Agram Riding and Polo Academy (ARPA), located within the Army Service Corps (ASC) centre and college, is one such army school in Bangalore that runs coaching camps for horse riders interested in equestrian sports. Its ground, spread over 40 acres of land, includes show jumping arena, two dressage arenas, and two polo grounds. Competitive riding skills are taught to both young and adult equestrian riders to not just improve their balance and coordination, but to enhance their overall personality.
The academy has many potential riders with 10-year-old Angel Beulah being one of them. Starting at the age f 7, Angel, a student of Bishop Cotton girls’ school, has been riding for the ARPA team since 2012. Her days start at 4:00 in the morning and she has won a medal for having control over the horse.
“Horse riding helps an individual to be more dedicated, develops will power and determination. After joining the academy, I have seen this big change in my daughter. She concentrates better now and is enthusiastic about being around her horse. At times, it is tough for us to comfort her,” said Rajesh Fernando, Angel’s father.
Further, ARPA also conducts classes for the specially-abled student during weekends with Healing Horses, a non-profit organisation aimed to provide therapy for disabled persons of all ages, through the unique practice of therapeutic riding. These rides help students recover in a short period of time. In fact, Healing Horses is the first in India to introduce equine therapy or therapeutic riding.
“We use aged or retired horses to treat specially-abled kids. I give sensory inputs like eye-hand coordination, colour sense and smell through horses to kids, who are impaired with motor or sensory functions. A child develops broad vision by sitting on the horse, can hold everything ones a child starts to hold the string of horse, stimulation are given from all sides to improve their postural and muscular movement, which is also called physiotherapy,” said Usha Bopaiah, founder of Healing Horses, who has treated more than 400 specially-abled kids.
“My daughter has learned more from the horses than us.

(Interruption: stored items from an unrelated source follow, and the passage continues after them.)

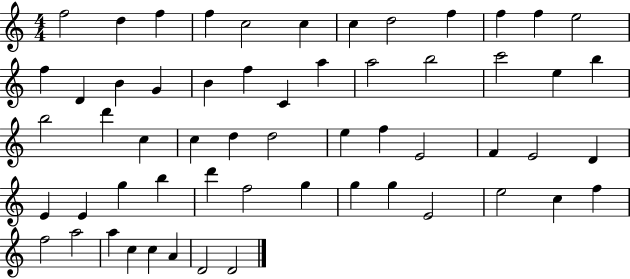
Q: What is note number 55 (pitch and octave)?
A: C5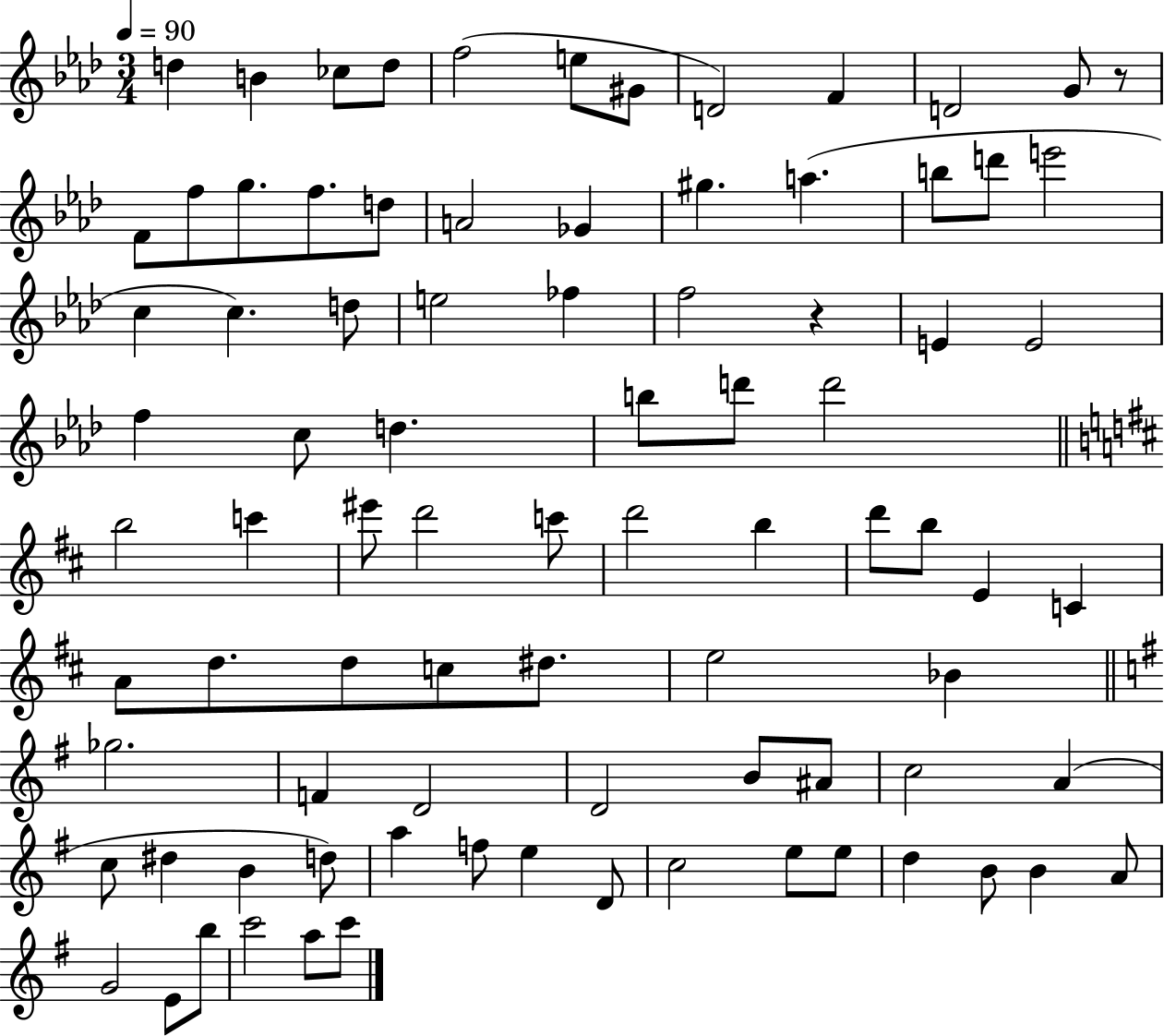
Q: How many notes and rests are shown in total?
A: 86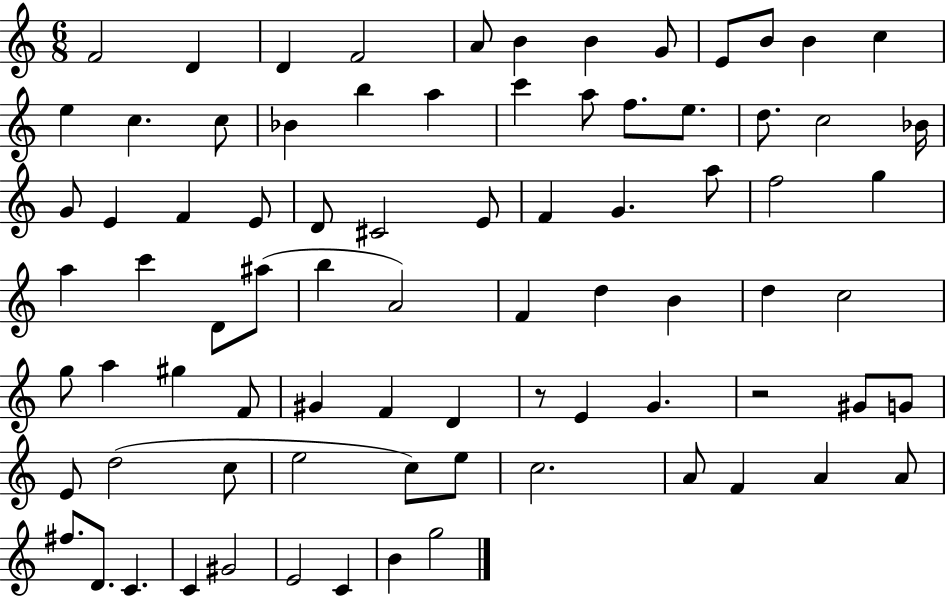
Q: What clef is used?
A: treble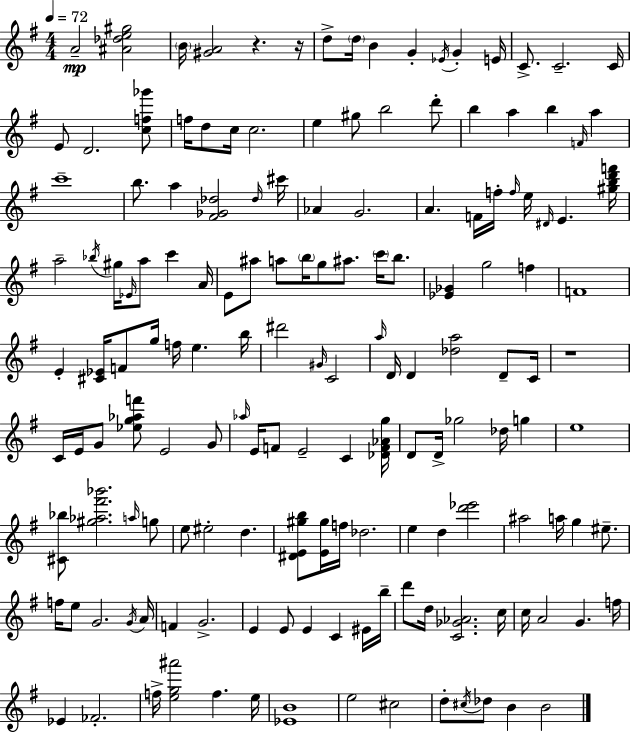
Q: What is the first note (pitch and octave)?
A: A4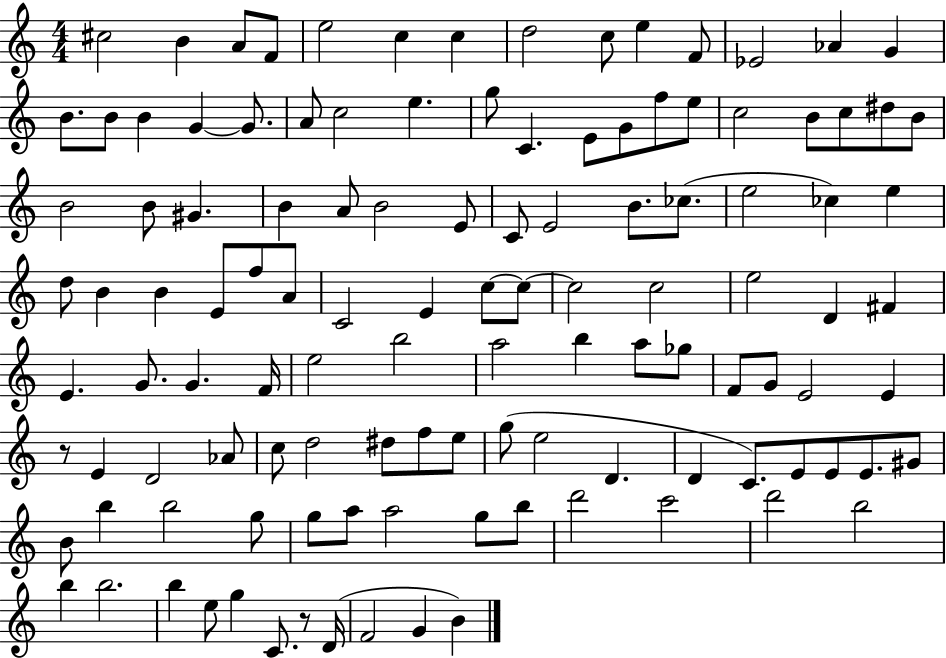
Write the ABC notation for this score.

Earlier, she was struggling to move her ankles and wrists, but this place has brought a major change in her body movements,” said Raghav S, father of Nikita, a paraplegic.
Another student, Anuj Arora, a gold medalist of ARPA, is looking forward to having a career as an equestrian. Talking about the game, Anuj’s father, Lt. Col Ashok Kumar said: “It is the easiest way to develop the personality. Kids learn to take quick decisions and adopt leadership skills in a short period of time. There is a need for awareness about this game. One has to pay a very subsidized fee of Rs3,000 per month, which includes the essential accessories for horse riding.”